◆ Given data ◆
+ + +

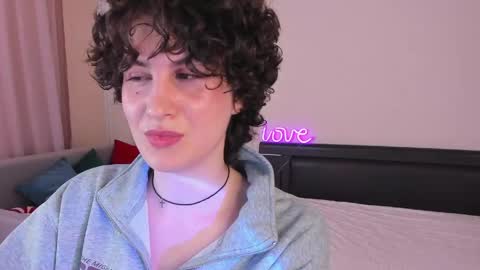 Adeline Perle online show from 04-26-26, 02:42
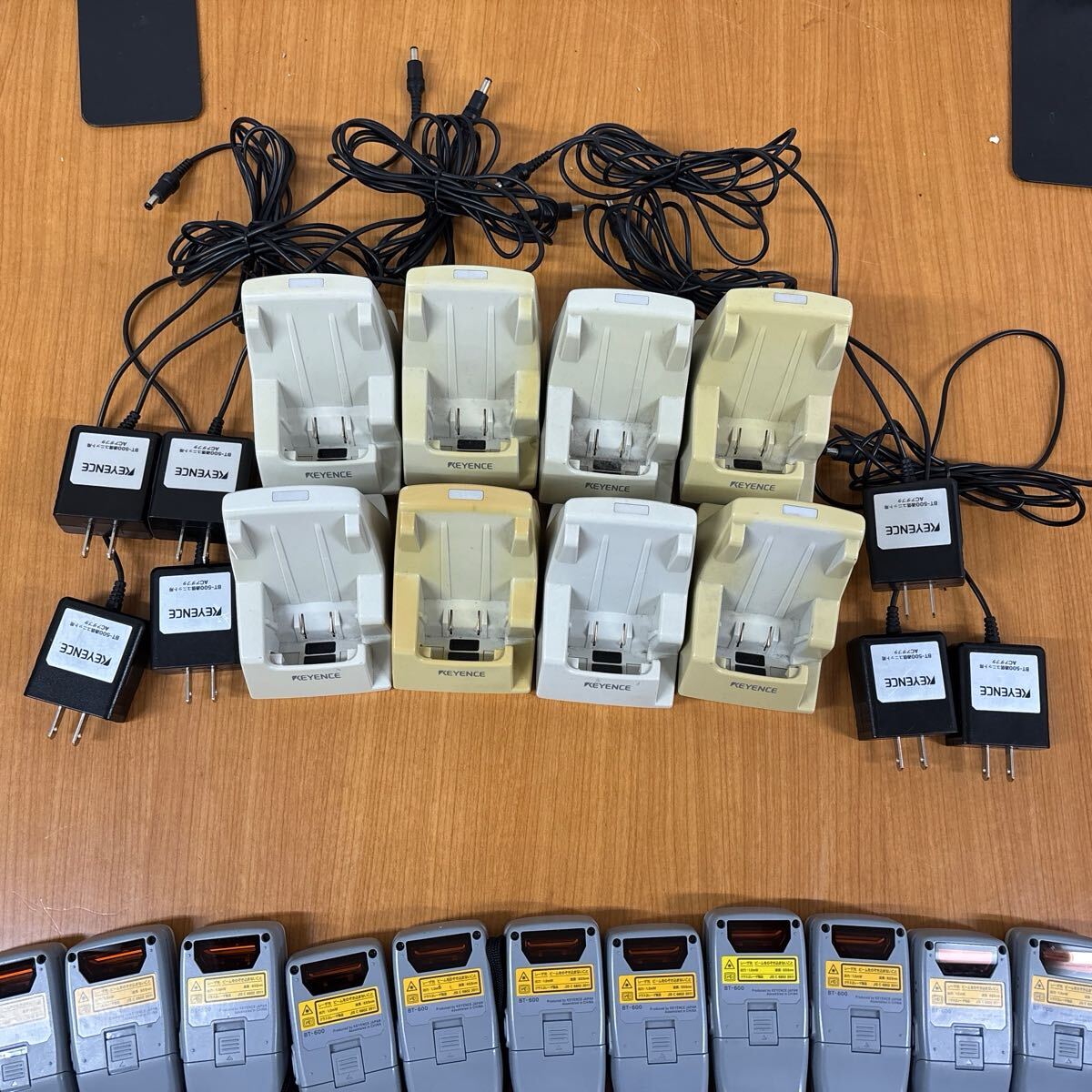 Keyence BT-600 Handheld Terminal 21 Units with 8 Chargers and 7 Adapters [g1244883445]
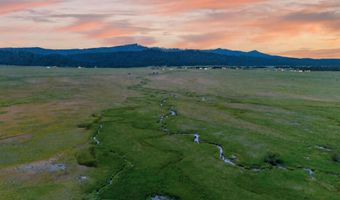 17 Gray Ln, Cascade, ID 83611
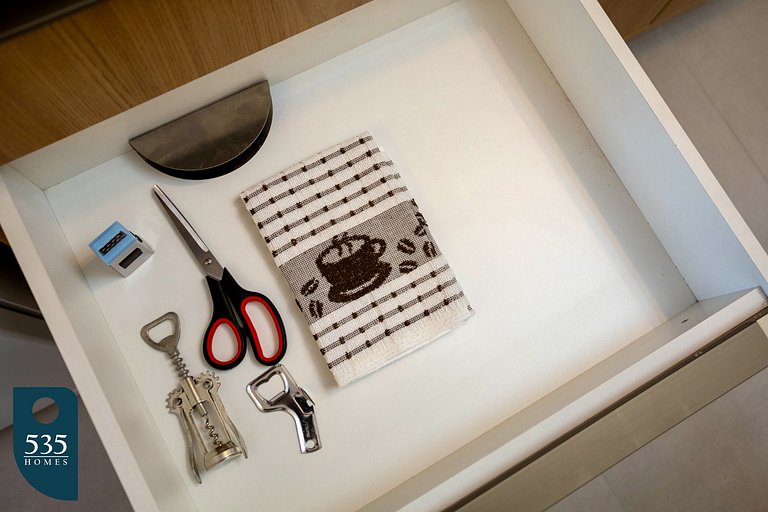 Viva a cidade de Salvador a passos da praia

+ + +

◆ About this exercise ◆
Return the listing above in full and without alteration, excluding its pictures.

◆ Result ◆
 Adeline Perle online show from 04-26-26, 02:42
 Keyence BT-600 Handheld Terminal 21 Units with 8 Chargers and 7 Adapters [g1244883445]
 17 Gray Ln, Cascade, ID 83611
 Viva a cidade de Salvador a passos da praia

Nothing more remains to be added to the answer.